Physicienne, romancière, poète et biolo-giste… Beau programme ?
Oh question scolaire, le Français n’est pas mon fort. Je me suis toujours «tapé des taules» et en général mes profs détestent ce que j’écris. Ils me disent que les formules de style c’est pas fait pour moi et que je dois absolument m’abstenir de les utiliser.
Quelles formules de style ?
Toutes. Mais surtout les comparaisons, les euphémismes, la personnification. Mais bon, je fais ça parce que ça me plaît. Ca vient comme ça !
Visiblement ça ne t’a pas découragée ?
Non franchement je m’en fiche royalement.
Comment as-tu eu l’idée de partir un an ?

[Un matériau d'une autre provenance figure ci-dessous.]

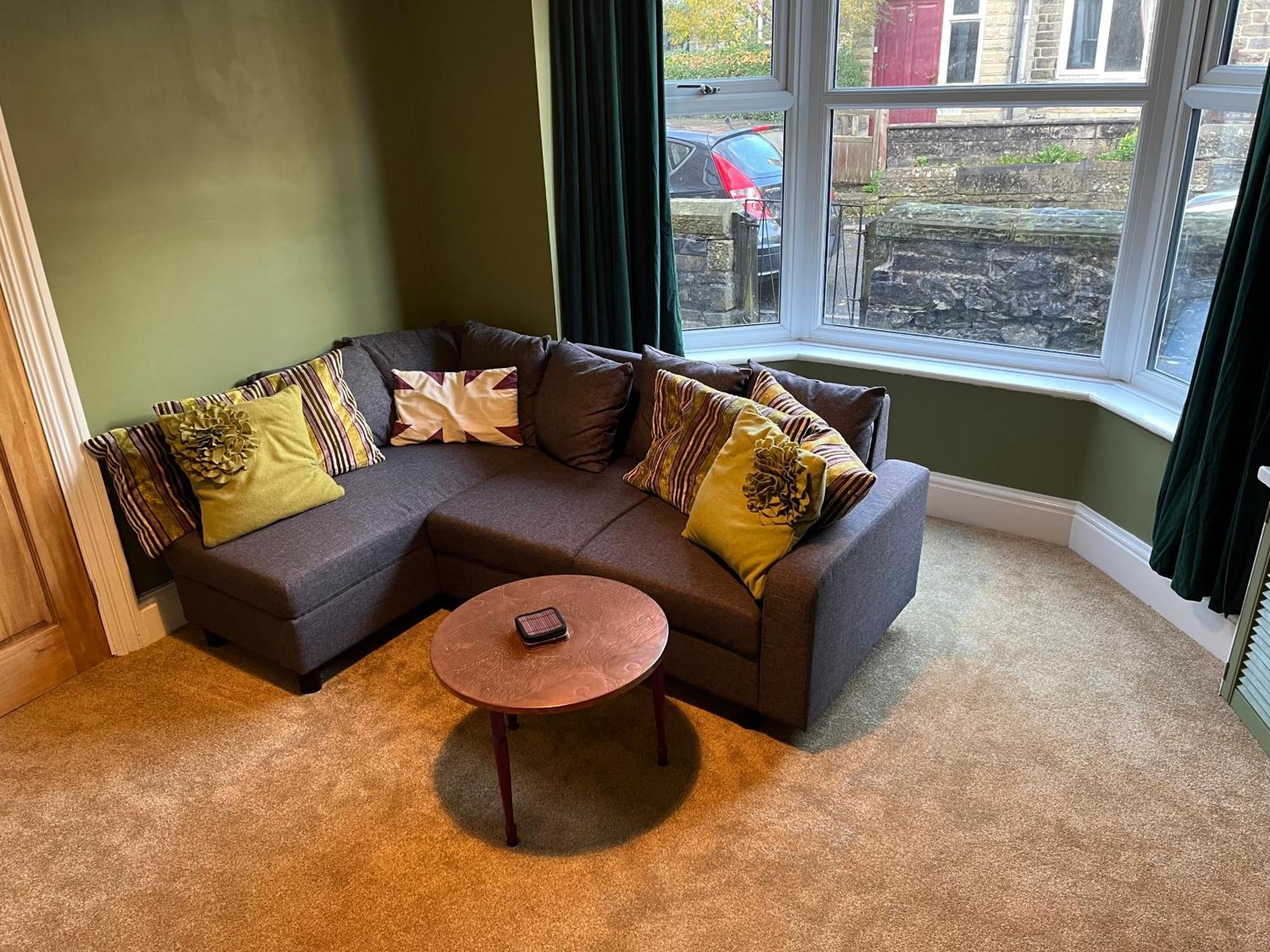 Wolf Hollow, Sleeps 4 Plus 2, Buxton Town Centre 外观 照片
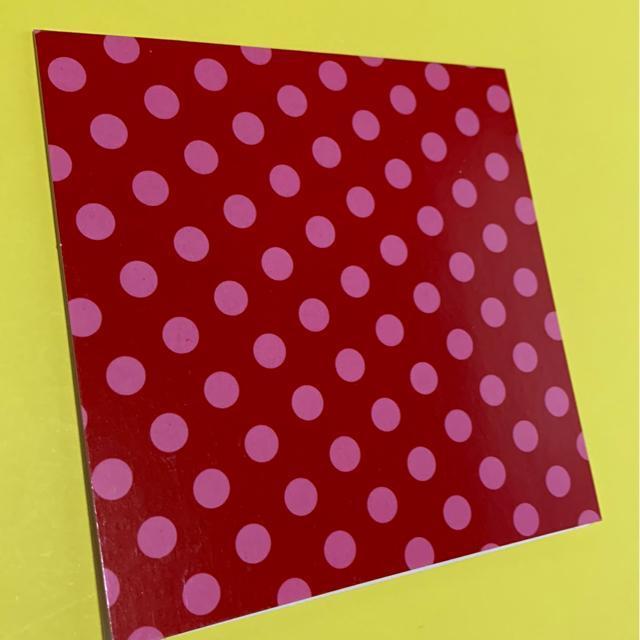 正方形のカード2枚 < インテリア/ライフ  正方形のカード2枚 < インテリア/ライフの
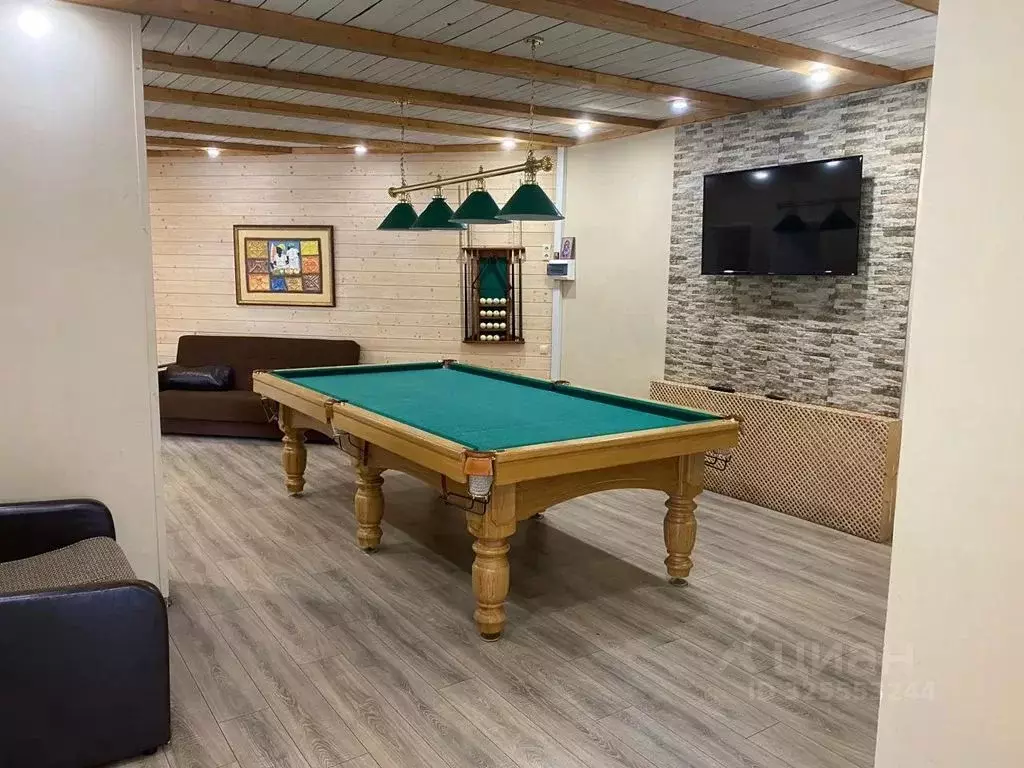 Дом в Московская область, Дмитровский муниципальный округ, д. Лупаново ... - Фото 2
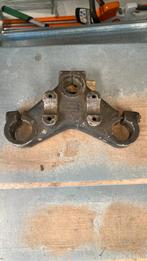 Kroonplaat zundapp 448 cs50, Ophalen of Verzenden, Gebruikt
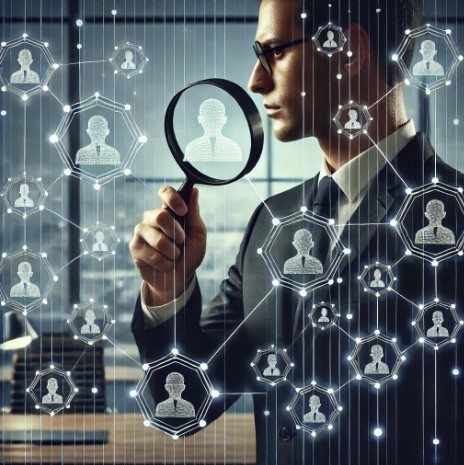 headhunting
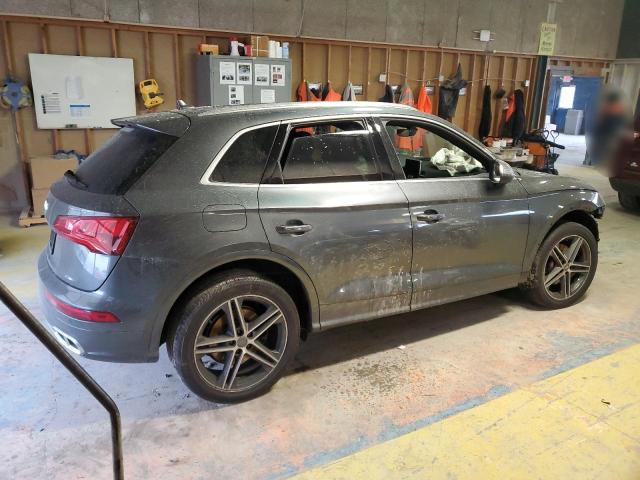 Photo 3 from auction – 2020 AUDI SQ5 PREMIU with VIN WA1B4AFY1L2018574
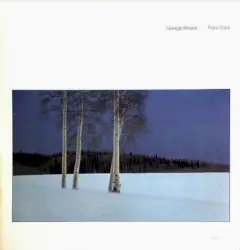 December by George Winston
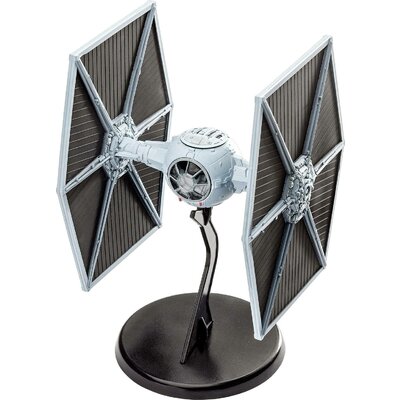 Revell 03605 Star Wars Tie Fighter Sci-Fi építőkészlet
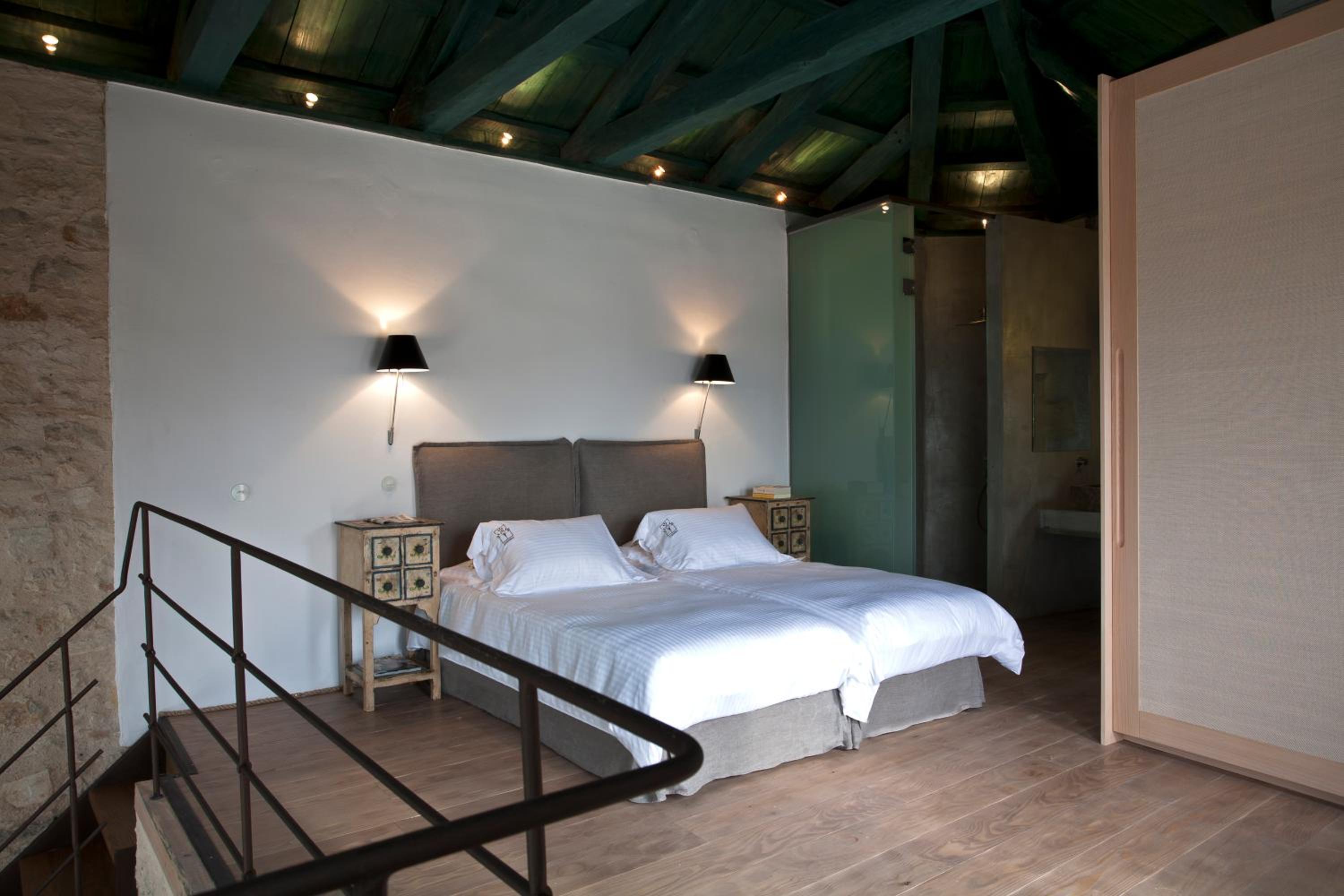 Athermigo Boutique Estate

Je suis allée aux USA un été (en 89) et depuis je me suis jurée d’y retourner. En fait je cherche à poursuivre mon expérience là-bas en évitant de commettre les même erreurs. Je suis persuadée
que ce pays me correspond bien. Je pense aussi à l’avenir : la langue, les études. Je crois qu’il faut que j’apprenne à prendre les distances avec ma mère et que j’apprenne à rencontrer d’autres gens. J’aimerais bien que mes rapports avec les autres changent un peu. Quelquefois nos liens sont un peu stéréotypés. Et j’ai également envie de profiter de cette année «sabbatique» pour travailler autrement et pour réfléchir.
Et puis, en Amérique, ils ont de gros budgets de recherche !
Quelles erreurs estimes-tu avoir commises lors de ton premier séjour ?
Je suis passée à côté des autres. Je suis arrivée. Je voulais tout faire, participer à tout, tout voir, et je ne me suis pas rendue compte qu’en face de moi on attendait beaucoup et que je ne donnais pas.
De quoi as-tu peur ?
De ne pas revenir. De trop aimer, de ne pas vouloir rentrer. Je crains en retrouvant la France de ne rien apprécier. J’ai peur de décevoir, peut-être. Est-ce que je ne suis pas trop jeune pour partir ? Peut-être aussi ? Mais, finalement je n’ai pas envie d’appréhender. Arrivera ce qui arrivera. Vous savez pourquoi j’ai choisi PIE. Et bien, entre autre, parce que je ne savais pas dans quel endroit des USA j’atterrirais. Ca me plaisait. Il y avait une part d’inconnu qui me plaisait.
Et franchement, comme j’essaie de ne pas imaginer ce qui peut arriver là-bas, je ne peux pas non plus imaginer ce que j’aimerais qu’il n’arrive pas
Qu’attends-tu avec impatience ?
La remise des diplômes (si ça arrive) et la première journée. Ça ne sera certainement pas la plus chargée en événements et en sentiments, mais je crois que c’est celle que j’arrive à imaginer le plus facilement. C’est une journée d’espérance. Un ami m’a dit d’espérer beaucoup. Je pense que c’est une bonne idée. Je crois qu’il ne faut pas idéaliser mais espérer. C’est sûrement la bonne solution.
Mon devoir est de m’attendre à tout. Bien sûr j’aimerais une famille avec un père et des frères…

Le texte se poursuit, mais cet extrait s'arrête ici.